USB stick-sized computer runs web, email, costs $25

[![](http://1.bp.blogspot.com/-aF3hT7USHU4/TcRL_Zd_2nI/AAAAAAAAAC8/k4em-PaJLyk/s320/mw-630-usb-pc.jpg)](http://1.bp.blogspot.com/-aF3hT7USHU4/TcRL_Zd_2nI/AAAAAAAAAC8/k4em-PaJLyk/s1600/mw-630-usb-pc.jpg)
Renowned U.K. game developer [David Braben](http://en.wikipedia.org/wiki/David_Braben) set his game programming aside for a short while to create an amazingly affordable personal computer that he hopes will prompt an overhaul of computer education programs.
[]()The mini PC, called the Raspberry Pi, is no bigger than a standard USB memory stick, and runs a version of [Linux](http://en.wikipedia.org/wiki/Linux), an open-source operating system.
The diminutive device has a single USB input for a keyboard or mouse (or a USB hub to expand those options), HDMI monitor output, 128MB of memory, and an SD card slot for storage. The pint-sized PC is capable of web browsing, word processing, email, and many other standard computer features. None of this would be particularly impressive, if not for the fact that the device costs just $25.

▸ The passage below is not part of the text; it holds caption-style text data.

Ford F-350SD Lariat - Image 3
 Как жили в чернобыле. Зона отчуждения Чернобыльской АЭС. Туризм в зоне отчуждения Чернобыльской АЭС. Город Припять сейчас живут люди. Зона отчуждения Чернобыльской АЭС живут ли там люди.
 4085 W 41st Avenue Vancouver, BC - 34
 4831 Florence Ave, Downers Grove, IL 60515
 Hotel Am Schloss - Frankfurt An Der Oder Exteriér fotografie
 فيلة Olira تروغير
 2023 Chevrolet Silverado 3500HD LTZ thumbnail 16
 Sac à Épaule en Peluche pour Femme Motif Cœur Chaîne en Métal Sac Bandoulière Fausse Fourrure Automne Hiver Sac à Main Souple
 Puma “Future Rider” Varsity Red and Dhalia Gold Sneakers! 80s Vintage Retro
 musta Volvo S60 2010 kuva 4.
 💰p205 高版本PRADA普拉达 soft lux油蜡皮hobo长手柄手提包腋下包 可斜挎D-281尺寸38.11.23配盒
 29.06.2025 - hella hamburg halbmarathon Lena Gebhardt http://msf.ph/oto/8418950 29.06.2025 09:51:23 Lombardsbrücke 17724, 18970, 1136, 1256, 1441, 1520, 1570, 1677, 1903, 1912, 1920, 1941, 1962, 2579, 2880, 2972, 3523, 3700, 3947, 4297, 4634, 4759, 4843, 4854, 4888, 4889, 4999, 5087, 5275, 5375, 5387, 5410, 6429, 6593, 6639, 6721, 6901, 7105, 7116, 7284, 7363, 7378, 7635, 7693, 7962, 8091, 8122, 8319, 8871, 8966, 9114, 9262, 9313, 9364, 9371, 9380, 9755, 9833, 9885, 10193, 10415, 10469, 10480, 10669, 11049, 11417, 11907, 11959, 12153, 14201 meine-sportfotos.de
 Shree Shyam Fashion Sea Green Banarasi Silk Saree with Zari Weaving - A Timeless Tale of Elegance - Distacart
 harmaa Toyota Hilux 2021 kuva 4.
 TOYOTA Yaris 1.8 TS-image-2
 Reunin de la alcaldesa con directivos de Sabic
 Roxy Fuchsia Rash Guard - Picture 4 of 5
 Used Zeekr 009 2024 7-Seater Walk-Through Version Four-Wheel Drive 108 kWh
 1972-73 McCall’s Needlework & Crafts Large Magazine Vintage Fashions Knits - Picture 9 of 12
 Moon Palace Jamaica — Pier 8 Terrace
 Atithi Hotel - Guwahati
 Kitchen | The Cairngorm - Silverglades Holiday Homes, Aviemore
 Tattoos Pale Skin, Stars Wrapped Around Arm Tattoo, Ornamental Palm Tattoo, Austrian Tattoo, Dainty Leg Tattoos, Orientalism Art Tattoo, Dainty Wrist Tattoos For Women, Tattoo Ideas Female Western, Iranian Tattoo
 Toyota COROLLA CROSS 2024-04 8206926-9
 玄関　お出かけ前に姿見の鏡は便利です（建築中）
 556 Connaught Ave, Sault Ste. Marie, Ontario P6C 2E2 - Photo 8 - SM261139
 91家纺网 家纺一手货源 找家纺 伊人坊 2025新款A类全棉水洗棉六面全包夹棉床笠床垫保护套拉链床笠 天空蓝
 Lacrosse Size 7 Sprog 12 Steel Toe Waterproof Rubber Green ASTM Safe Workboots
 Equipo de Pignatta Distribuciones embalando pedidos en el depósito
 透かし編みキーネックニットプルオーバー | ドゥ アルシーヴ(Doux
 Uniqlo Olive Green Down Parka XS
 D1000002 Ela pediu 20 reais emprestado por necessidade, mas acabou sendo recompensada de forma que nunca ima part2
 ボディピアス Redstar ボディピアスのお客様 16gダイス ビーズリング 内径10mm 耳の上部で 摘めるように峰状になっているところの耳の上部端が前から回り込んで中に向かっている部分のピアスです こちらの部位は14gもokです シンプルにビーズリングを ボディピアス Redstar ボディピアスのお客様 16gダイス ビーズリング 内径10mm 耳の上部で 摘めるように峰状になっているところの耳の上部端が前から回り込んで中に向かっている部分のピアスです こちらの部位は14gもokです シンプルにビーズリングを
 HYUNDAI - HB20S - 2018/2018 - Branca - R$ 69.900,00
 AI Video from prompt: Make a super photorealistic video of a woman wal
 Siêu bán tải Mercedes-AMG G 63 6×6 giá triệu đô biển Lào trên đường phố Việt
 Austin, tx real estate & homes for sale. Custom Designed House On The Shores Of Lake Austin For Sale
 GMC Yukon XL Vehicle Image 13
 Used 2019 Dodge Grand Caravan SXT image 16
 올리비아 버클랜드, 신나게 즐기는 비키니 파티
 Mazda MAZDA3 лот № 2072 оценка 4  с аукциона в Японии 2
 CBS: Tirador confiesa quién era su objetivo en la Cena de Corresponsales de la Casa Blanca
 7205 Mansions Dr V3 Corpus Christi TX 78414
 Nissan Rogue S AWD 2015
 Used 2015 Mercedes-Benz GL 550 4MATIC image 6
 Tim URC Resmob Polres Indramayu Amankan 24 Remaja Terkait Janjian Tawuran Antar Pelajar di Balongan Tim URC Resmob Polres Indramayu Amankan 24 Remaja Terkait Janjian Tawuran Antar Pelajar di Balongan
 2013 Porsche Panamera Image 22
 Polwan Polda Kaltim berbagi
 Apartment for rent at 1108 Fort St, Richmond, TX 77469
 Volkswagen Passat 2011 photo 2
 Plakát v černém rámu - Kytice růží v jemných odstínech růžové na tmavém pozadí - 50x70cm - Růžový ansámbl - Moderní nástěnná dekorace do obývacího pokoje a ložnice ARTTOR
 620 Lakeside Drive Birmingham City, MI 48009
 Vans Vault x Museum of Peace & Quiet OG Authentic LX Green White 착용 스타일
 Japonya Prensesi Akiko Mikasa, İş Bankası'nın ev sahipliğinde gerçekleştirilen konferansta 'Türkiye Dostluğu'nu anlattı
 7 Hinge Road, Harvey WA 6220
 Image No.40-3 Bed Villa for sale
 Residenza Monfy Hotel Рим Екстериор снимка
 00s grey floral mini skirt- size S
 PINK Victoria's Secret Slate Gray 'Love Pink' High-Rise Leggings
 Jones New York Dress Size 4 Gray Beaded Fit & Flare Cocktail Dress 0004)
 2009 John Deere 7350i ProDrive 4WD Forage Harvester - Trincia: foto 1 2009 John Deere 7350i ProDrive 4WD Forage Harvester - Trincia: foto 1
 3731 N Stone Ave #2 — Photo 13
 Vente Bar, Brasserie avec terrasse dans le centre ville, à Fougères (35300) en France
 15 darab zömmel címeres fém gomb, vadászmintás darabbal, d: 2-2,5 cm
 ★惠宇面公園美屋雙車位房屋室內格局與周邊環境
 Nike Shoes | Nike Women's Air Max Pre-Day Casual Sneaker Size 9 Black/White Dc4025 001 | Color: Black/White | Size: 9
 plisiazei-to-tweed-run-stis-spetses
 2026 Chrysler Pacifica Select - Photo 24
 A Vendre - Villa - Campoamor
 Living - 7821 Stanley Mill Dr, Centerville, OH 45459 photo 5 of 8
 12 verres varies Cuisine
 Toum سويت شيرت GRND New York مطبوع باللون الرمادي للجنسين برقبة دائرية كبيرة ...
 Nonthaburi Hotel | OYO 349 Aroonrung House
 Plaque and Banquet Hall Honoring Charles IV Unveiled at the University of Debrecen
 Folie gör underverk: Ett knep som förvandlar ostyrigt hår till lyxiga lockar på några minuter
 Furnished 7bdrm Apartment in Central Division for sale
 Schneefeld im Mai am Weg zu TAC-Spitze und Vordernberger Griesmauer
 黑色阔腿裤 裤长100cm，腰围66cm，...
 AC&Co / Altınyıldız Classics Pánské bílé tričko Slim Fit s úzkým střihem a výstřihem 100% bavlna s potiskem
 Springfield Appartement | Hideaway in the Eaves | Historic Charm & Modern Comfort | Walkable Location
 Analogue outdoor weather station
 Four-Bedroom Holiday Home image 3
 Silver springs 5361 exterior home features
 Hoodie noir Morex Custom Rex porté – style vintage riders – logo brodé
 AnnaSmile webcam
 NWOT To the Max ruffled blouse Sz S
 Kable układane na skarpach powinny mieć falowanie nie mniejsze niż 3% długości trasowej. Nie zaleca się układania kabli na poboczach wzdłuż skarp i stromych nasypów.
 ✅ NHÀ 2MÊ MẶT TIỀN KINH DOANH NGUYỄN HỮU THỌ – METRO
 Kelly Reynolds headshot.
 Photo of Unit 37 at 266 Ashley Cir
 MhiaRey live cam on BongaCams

Braben plans to introduce his creation to school systems throughout the U.K. in hopes of overhauling what he sees as a computer education program in need of a refresh. He is currently in the processes of refining the Raspberry Pi prototype in anticipation of getting it manufactured on a larger scale, and projects that the tiny device will be formally introduced within 12 months.